As a dad to four amazing children, I know my primary goal is to prepare them to be successful without me. I have to work daily to teach them the skills they will need to thrive on their own. As children today, they are developing into future adults. As their dad I never assess their readiness for independence by testing their academic knowledge. I do not gauge my success as a parent by testing their fluency, analyzing their mastery of science standards, or measuring their mathematical competencies.  These things are all important and I want my children to learn all they can, but they are not the most essential skills I need my children to learn. Often their progress towards maturity and independence is determined by their responsibility, their organization, their respect, their affective behavior. I believe that as a parent my job is to reinforce these personal characteristics. Watch any superhero movie and the villain is often the smartest person on the set. Intelligence is great, but character is better .

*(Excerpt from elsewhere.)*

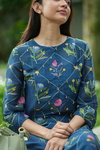 Tulip Kurta Set- Blue Geo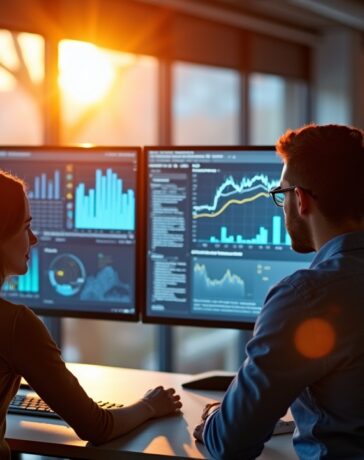 In einem lichtdurchfluteten, modernen Büro sitzen engagierte IT-Expertinnen und -Experten in lebhaftem Austausch vor mehreren Bildschirmen, auf denen komplexe Daten und KI-Visualisierungen erkennbar sind, während warmes Tageslicht die Szenerie durch große Fenster sanft erhellt und eine Atmosphäre von Innovationskraft, Zusammenarbeit und technologischer Zukunft schafft.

One of the struggles we often face in our classrooms is looking at our world with blinders and assuming there are simple solutions to complex problems. We think, “If I focus all of my energy on academic success, kids will learn all that they need.” We think College and Career Ready means just mastering standards. But this is rarely the case. Kids need more than that. They need safety, trust, respect, etc… Often we try to find a cause and effect when in reality we live in a cycle. Feedback only works when trust is earned. Trust is earned by providing honest feedback. Feedback is only listened to when trust has been established. This is a cycle, not a procedure.

In our classrooms the same is true when looking at our student management, student engagement, and student academic success. These cannot be addressed in isolation because they all depend on the other. Kids will not be learning if they are not engaged. Student behaviors are impacted by their engagement levels. Student engagement is impacted by student trust. It’s a cycle. If you only focus on learning, you will not get the maximum results you are looking for.

As you finish up the year, be mindful not to just focus on student academic goals. To help your school get the biggest bang for your buck, continue to reinforce classroom management necessities and create engaging activities. These lessons this year will allow for greater success next year. Try to avoid tunnel vision. When you are in a tunnel, you lose sight of the world around you. Create a classroom environment that demonstrates learning by being safe, focused, engaging, and respectful…only then will you be able to truly be placing your kids in a position to be successful in the future.